Waldschutz

Sachsen: Waldzustandsbericht 2021 liegt vor

Bearbeitet von Jörg Fischer

Der Zustand der sächsischen Wälder ist noch immer besorgniserregend. Hierauf verwies Sachsens Forstminister Wolfram Günther am 13. Dezember 2021 bei der Vorstellung des aktuellen Waldzustandsberichts für den Freistaat.

Insgesamt waren im aktuellen Berichtszeitraum 31 % der Bäume (2020: 35 %) deutlich geschädigt. Hingegen wiesen nur 24 % der Bäume (2020: 21 %) keine erkennbaren Schäden auf. Trotz vergleichsweise günstiger Witterung in diesem Jahr verblieb der mittlere Nadel- und Blattverlust 2021 mit einem Wert von 25,1 % auf sehr hohem Niveau. Der entsprechende Wert lag im Vorjahr bei 26,1 %.

Ergebnisse des Waldzustandsberichts

Zur Erfassung des Waldzustandes wurden an 6.720 Bäumen neben dem Nadel- beziehungsweise Blattverlust (die sog. Kronenverlichtung) und dem Vergilbungsgrad weitere Merkmale wie Blüte, Fruchtbildung oder die Anzahl der Nadeljahrgänge aufgenommen. Eingang in die Gesamtbewertung finden zudem weitere Schäden, die zum Beispiel durch Insekten und Pilze oder durch Dürre, Sturm und Feuer verursacht wurden.

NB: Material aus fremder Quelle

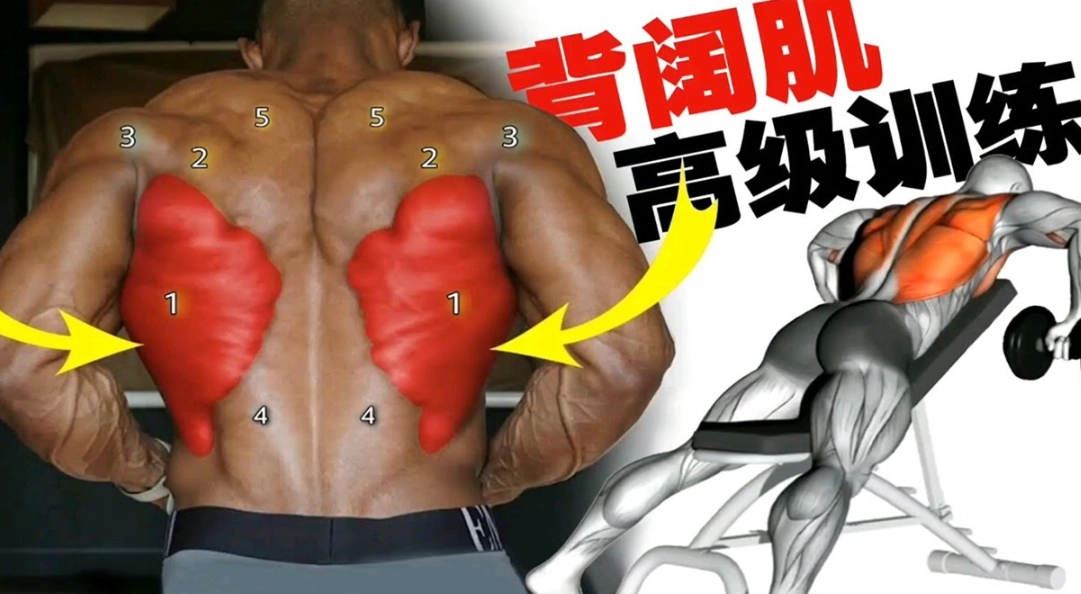 背闊肌鍛煉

Insgesamt wiesen 31 % der Bäume eine deutliche Schädigung (Schadstufe 2 bis 4), 45 % eine schwache Schädigung (Schadstufe 1) und 24 % keine erkennbare Schädigung (Schadstufe 0) auf. Ursache war im Wesentlichen der immer noch sehr hohe Befall insbesondere durch Borkenkäfer und andere Schadorganismen.

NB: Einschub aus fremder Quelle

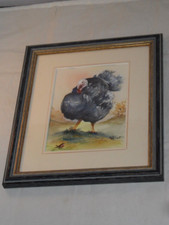Original small turkey for sale  ROSS-ON-WYE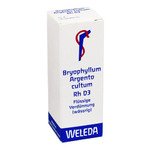 BRYOPHYLLUM ARGENTO cultum Rh D 3 Dilution 20 ml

Der mittlere Nadelverlust als ein wesentliches Bewertungskriterium nahm bei der Gemeinen Fichte mit 25 % den zweithöchsten Wert seit 1991 ein und lag damit sieben Prozentpunkte über dem langjährigen Mittel. Der Anstieg der Schadholzmengen setzte sich 2021 nicht fort. Bis Ende September 2021 entsprach die registrierte Menge mit circa 957.000 m³ etwa 90 % des Vorjahreswertes.

Der Nadelverlust betrug bei der Gemeinen Kiefer im Mittel 24,4 % und lag damit deutlich über dem langjährigen Wert von knapp 17 %. Auch in diesem Jahr wurden die Kiefern intensiv durch Borken- und Prachtkäferarten befallen. Bis Ende September 2021 hat Sachsenforst rund 54 % der vorjährigen Befallsmenge registriert. Mit insgesamt 107.000 m³ liegt diese immer noch deutlich über dem langjährigen Durchschnitt.

In der Gruppe der sonstigen Nadelbäume stellte die aktuelle Erhebung einen neuen Negativrekord mit 22,5 % mittlerer Kronenverlichtung dar. Die Gruppe wird dabei in Sachsen maßgeblich durch die Baumarten Europäische Lärche, Serbische Fichte (Omorika-Fichte) sowie Japanische Lärche geprägt.

Nachdem der Blattverlust der Eiche in den vergangenen drei Jahren bei hohen Werten von 32 bis 33 % lag, kam es 2021 zu einer nochmaligen Verschlechterung auf einen mittleren Blattverlust von 36,3 %. Es handelt sich hierbei um den höchsten Wert im Vergleich zu den anderen Baumarten beziehungsweise Artengruppen. Auch die Eiche ist stark von holz- und rindenbrütenden Insekten wie Eichensplintkäfer und Eichenprachtkäfer befallen.

Die mittlere Kronenverlichtung der Buche ging im Vergleich zum Vorjahr erneut zurück und lag zuletzt bei 20,4 %. Insgesamt reagierte die Buche weniger stark auf die besondere Witterungssituation als die anderen Baumarten, insbesondere der anderen Laubbäume.

Die Gruppe der sonstigen Laubbäume wird von der Birke dominiert. Der mittlere Blattverlust der Birke von 24,7 % hat im Vergleich zum Vorjahr um rund drei Prozentpunkte abgenommen.

Klimatische Einordnung

Die Jahresmitteltemperatur lag um 1,3 °C über dem langjährigen Mittel, wodurch auch 2021 an den Trend hin zu wärmeren Jahren anknüpft. Die klimatische Wasserbilanz war dagegen überwiegend positiv. Die Bodenfeuchte bewegte sich nach der dreijährigen Trockenperiode wieder im Bereich der langjährigen Mittelwerte.